**Task brief**
Every entry gets copied exactly. No images go into the copy.

**Image-caption web data**
+ + + +
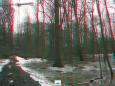 Überflutung des Auwaldes in der "Burgaue"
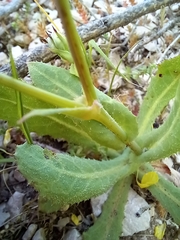 Reichardia tingitana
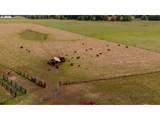 17779 Sitkum Ln - Photo 31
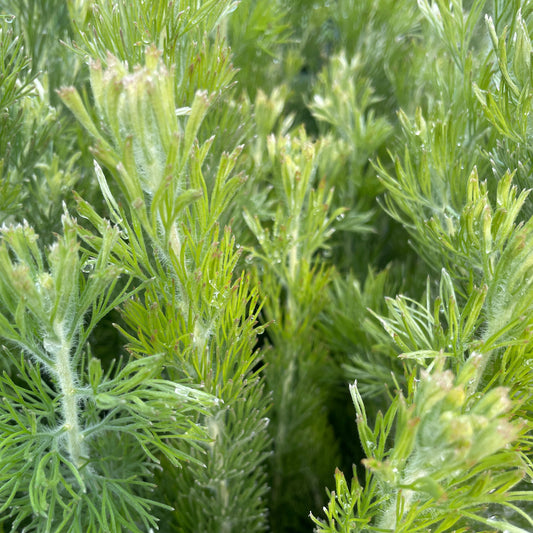 Adenanthos sericeus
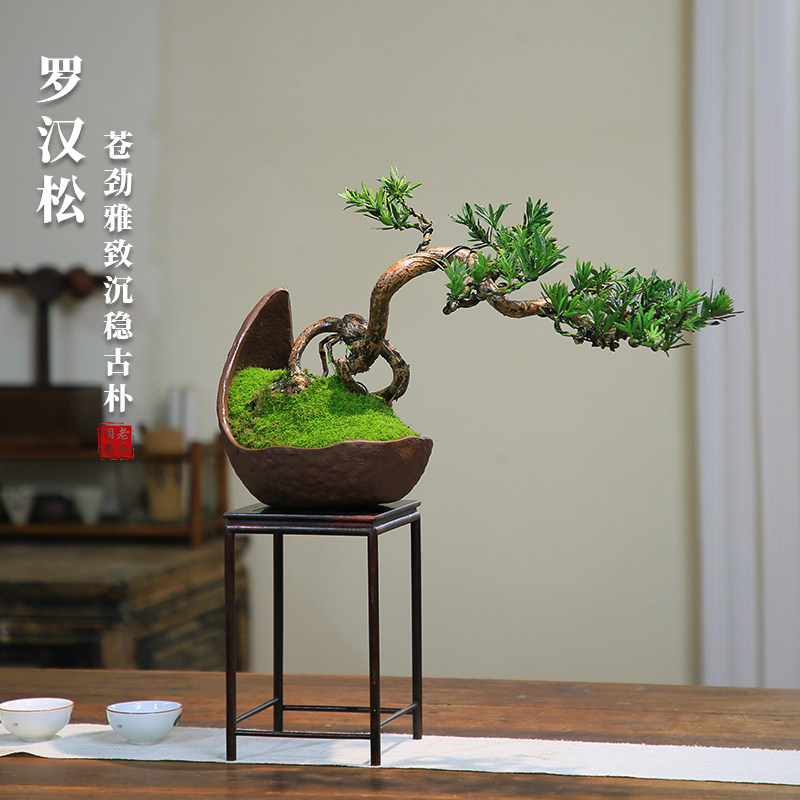 罗汉松盆景造型真树室内绿植创意礼品玄关庭院迎客松茶室禅意盆栽-淘宝网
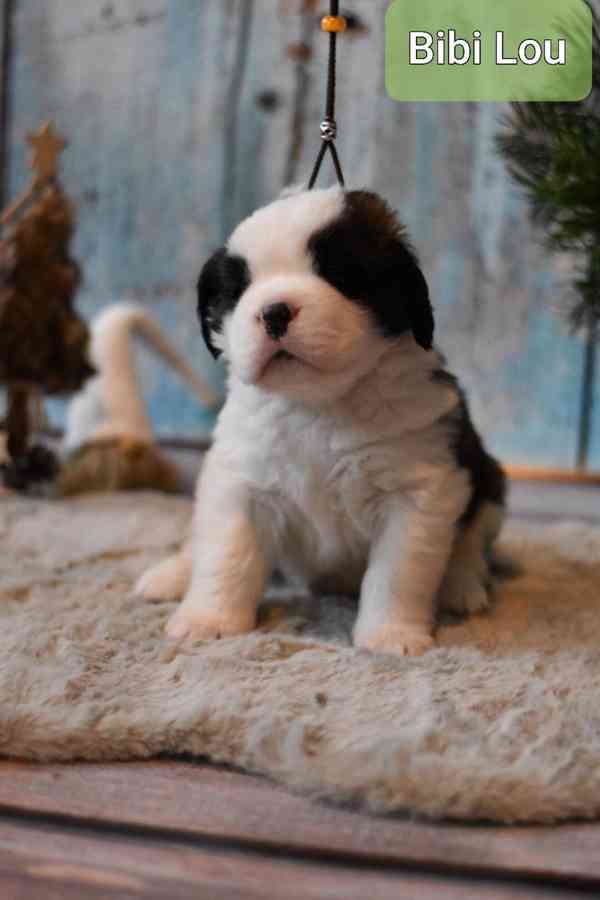 Bernardýn s PP - foto 4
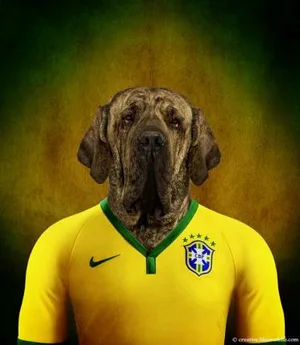 Der Brasilianische Mastiff gehört zu den gefährlichsten Teilnehmern.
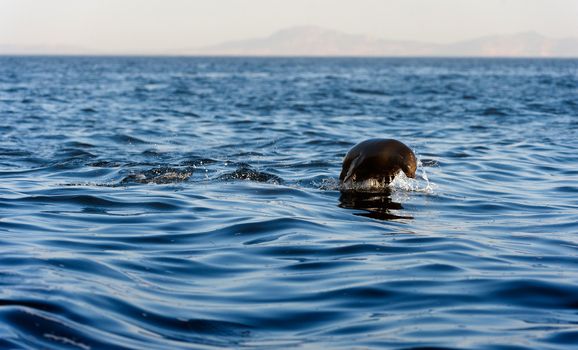 Seals swim and jumping out of water . Cape fur seal (Arctocephalus pusilus). Kalk Bay, False Bay, South Africa  Seals swim and jumping out of water . Cape fur seal (Arctocephalus pusilus). Kalk Bay, False Bay, South Africa 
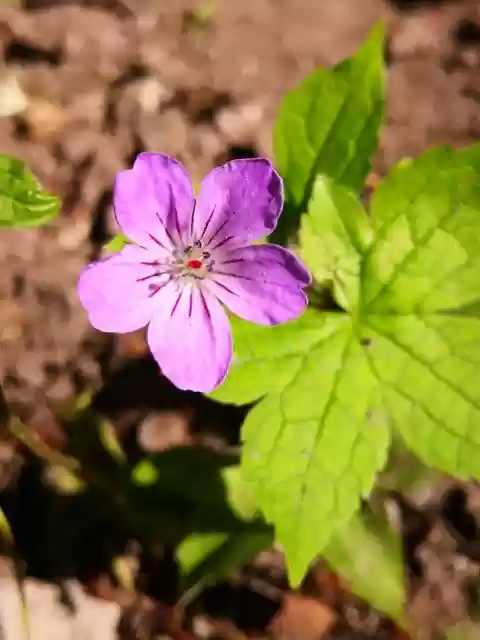 Free download Purple Flower Modest Pure -  free photo or picture to be edited with GIMP online image editor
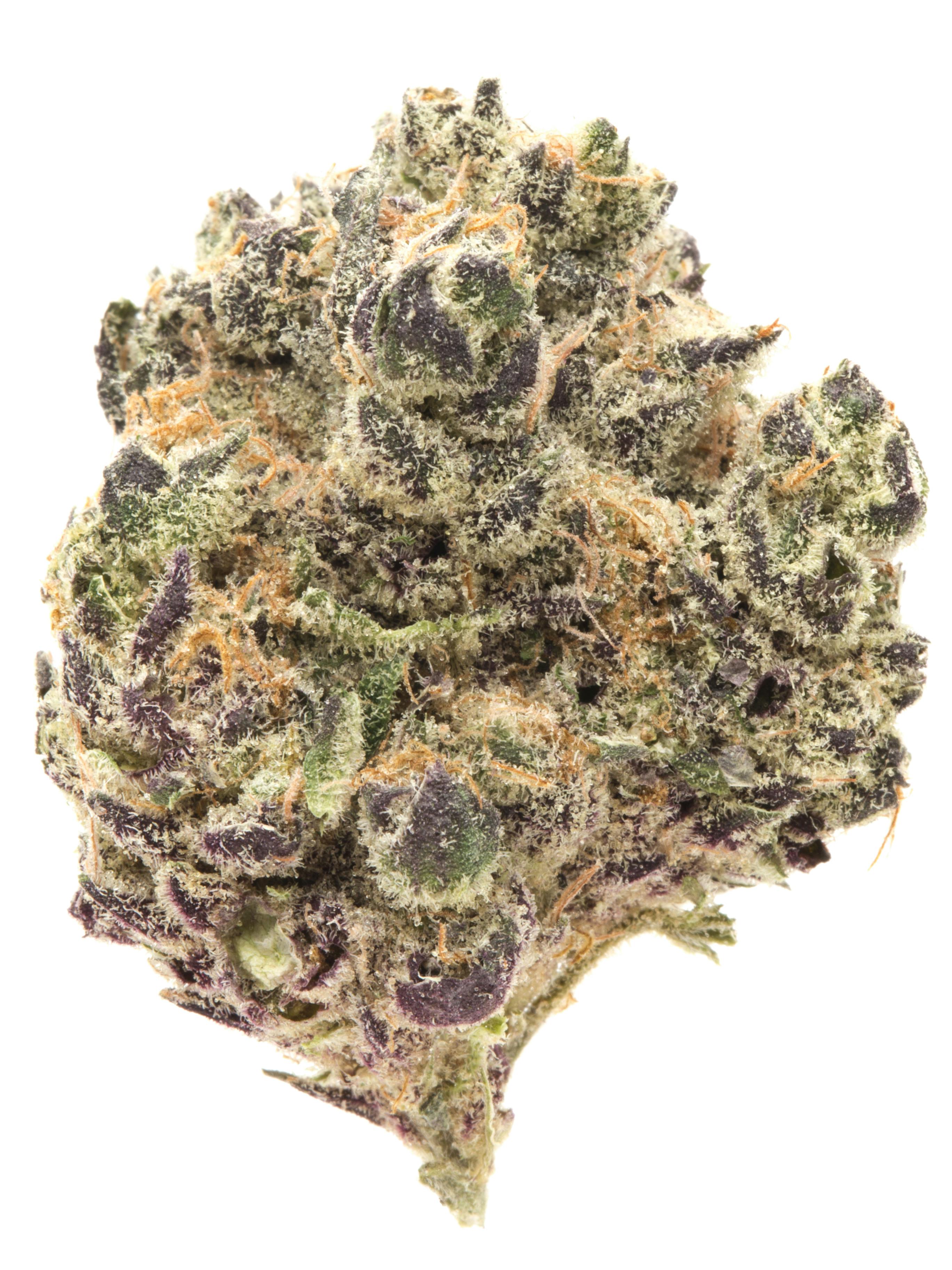 Pomegranate Shake | Buds | 7g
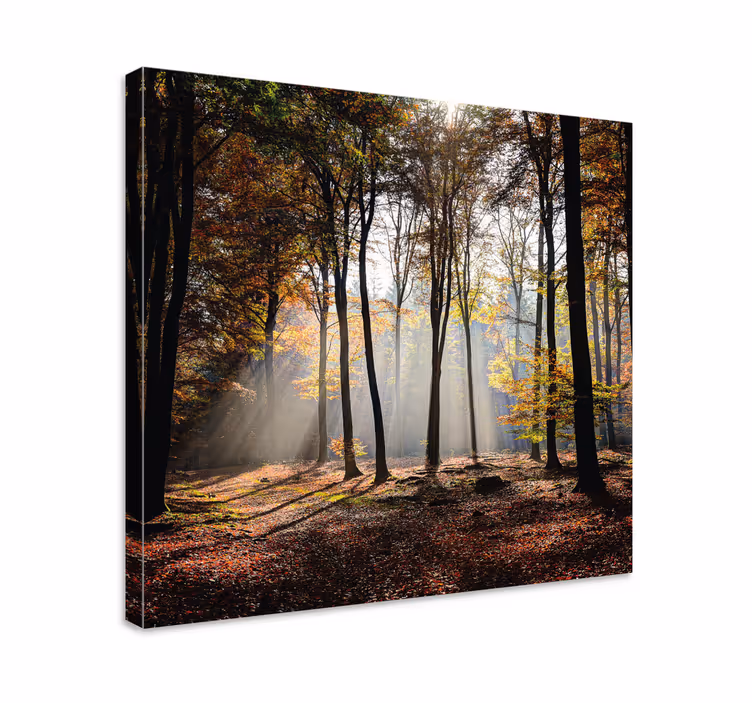 Tableau paysages rayons de lumière dans la forêt - TenStickers
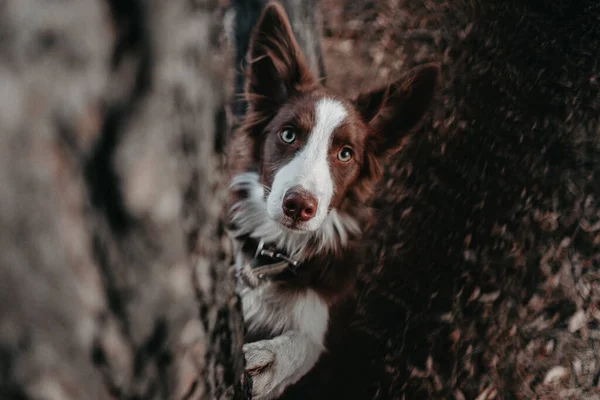 Ormandaki köpek. Kahverengi bir köpek ağacın arkasından dikizliyor..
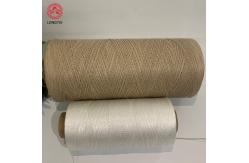 China 460tex 2 Strands PP Sausage Twine Twisted Bacon Loop Polypropylene Tying Meat Twine supplier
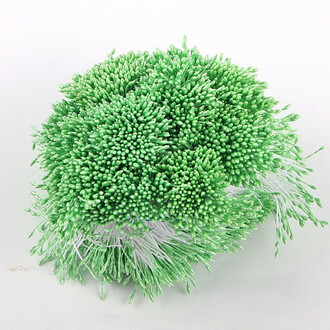 Тычинки двойные перламутровые 6х0,1 см +-360 шт. Зеленый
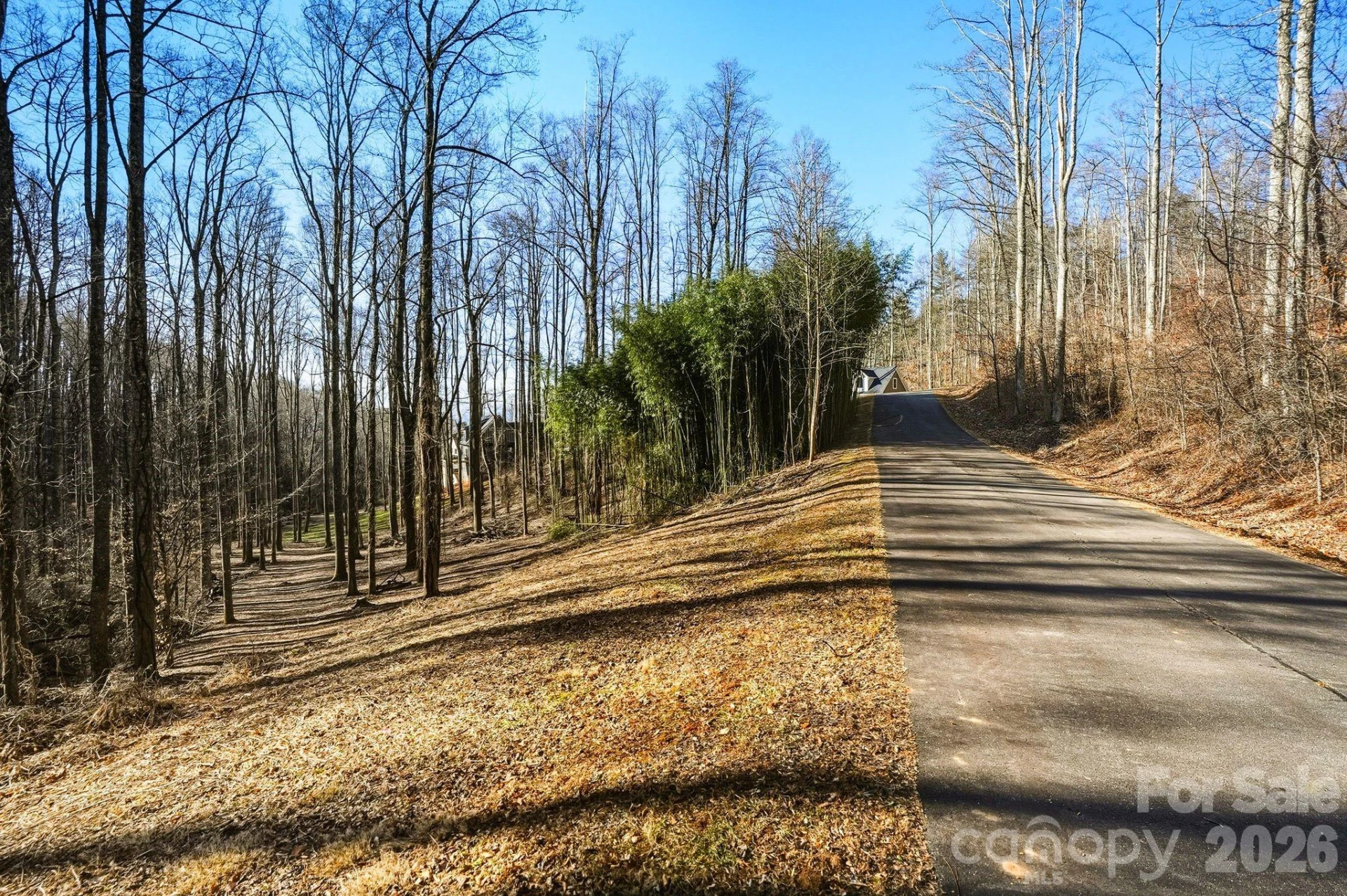 67 Bamboo Trail #18 - Photo 7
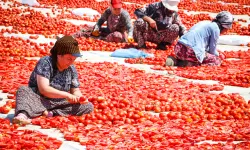 İzmir Büyükşehir'den Torbalı'da 'Kırmızı Altın' mesaisi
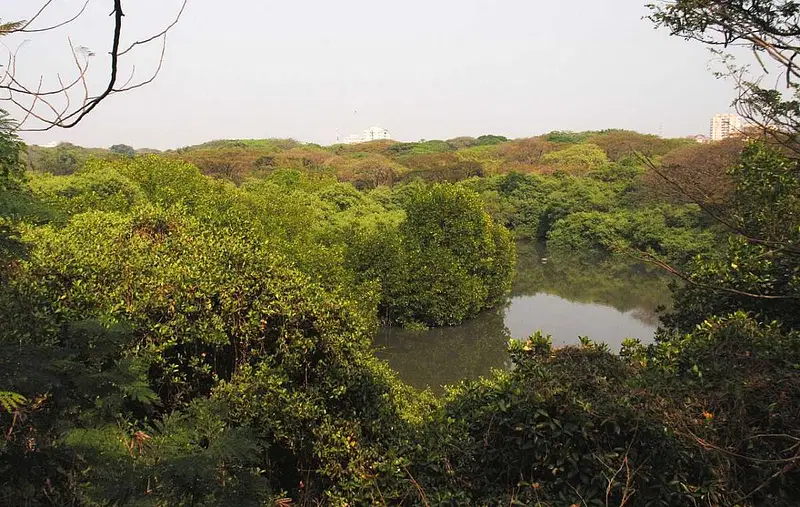 https://avathioutdoors.gumlet.io/travelGuide/dev/kochi_P2958.jpg
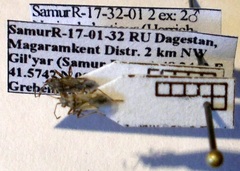 Nysius helveticus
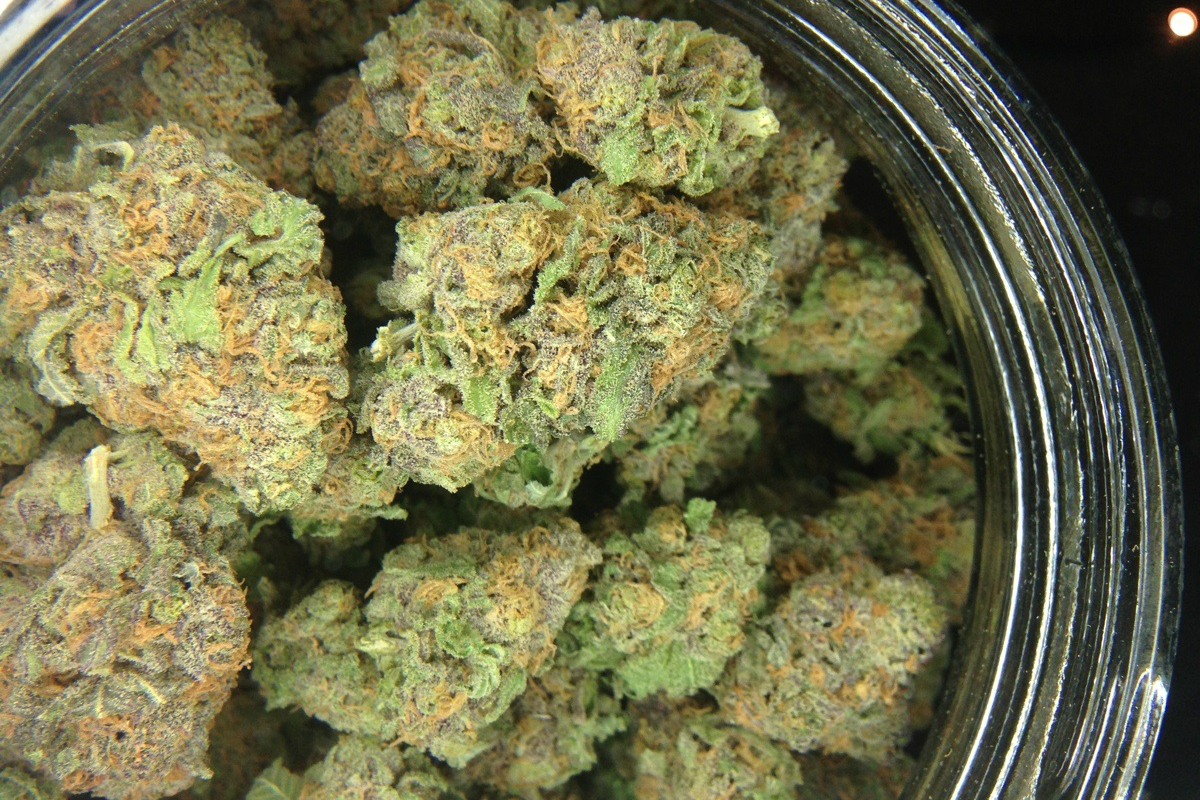 Flores frescas, cítricas y cremosas disponibles con wholesale CBD flowers Spain de La Cosechera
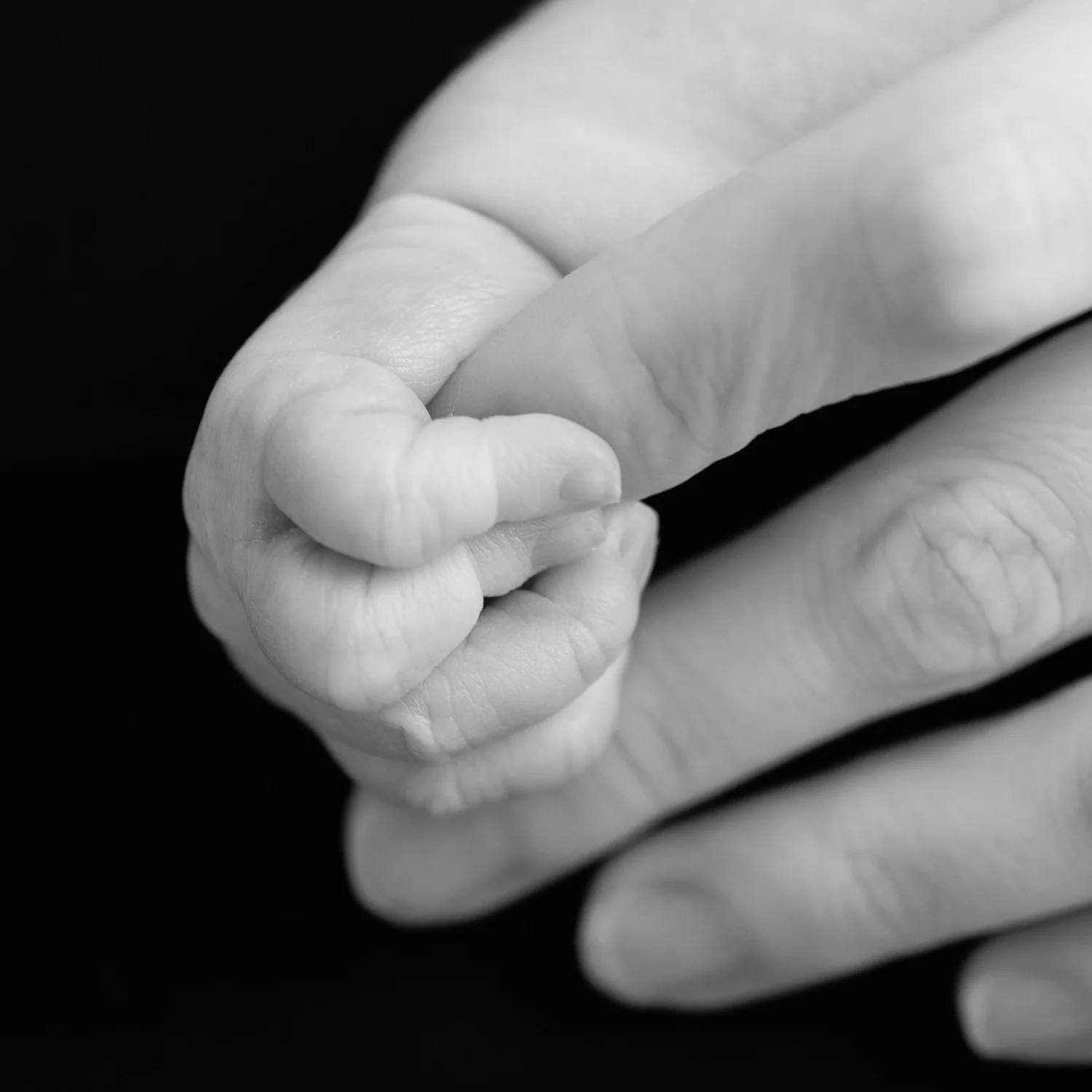 20140314_Liesl_1304.jpg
+ + + +
**Problem solution**
 Überflutung des Auwaldes in der "Burgaue"
 Reichardia tingitana
 17779 Sitkum Ln - Photo 31
 Adenanthos sericeus
 罗汉松盆景造型真树室内绿植创意礼品玄关庭院迎客松茶室禅意盆栽-淘宝网
 Bernardýn s PP - foto 4
 Der Brasilianische Mastiff gehört zu den gefährlichsten Teilnehmern.
 Seals swim and jumping out of water . Cape fur seal (Arctocephalus pusilus). Kalk Bay, False Bay, South Africa  Seals swim and jumping out of water . Cape fur seal (Arctocephalus pusilus). Kalk Bay, False Bay, South Africa 
 Free download Purple Flower Modest Pure -  free photo or picture to be edited with GIMP online image editor
 Pomegranate Shake | Buds | 7g
 Tableau paysages rayons de lumière dans la forêt - TenStickers
 Ormandaki köpek. Kahverengi bir köpek ağacın arkasından dikizliyor..
 China 460tex 2 Strands PP Sausage Twine Twisted Bacon Loop Polypropylene Tying Meat Twine supplier
 Тычинки двойные перламутровые 6х0,1 см +-360 шт. Зеленый
 67 Bamboo Trail #18 - Photo 7
 İzmir Büyükşehir'den Torbalı'da 'Kırmızı Altın' mesaisi
 https://avathioutdoors.gumlet.io/travelGuide/dev/kochi_P2958.jpg
 Nysius helveticus
 Flores frescas, cítricas y cremosas disponibles con wholesale CBD flowers Spain de La Cosechera
 20140314_Liesl_1304.jpg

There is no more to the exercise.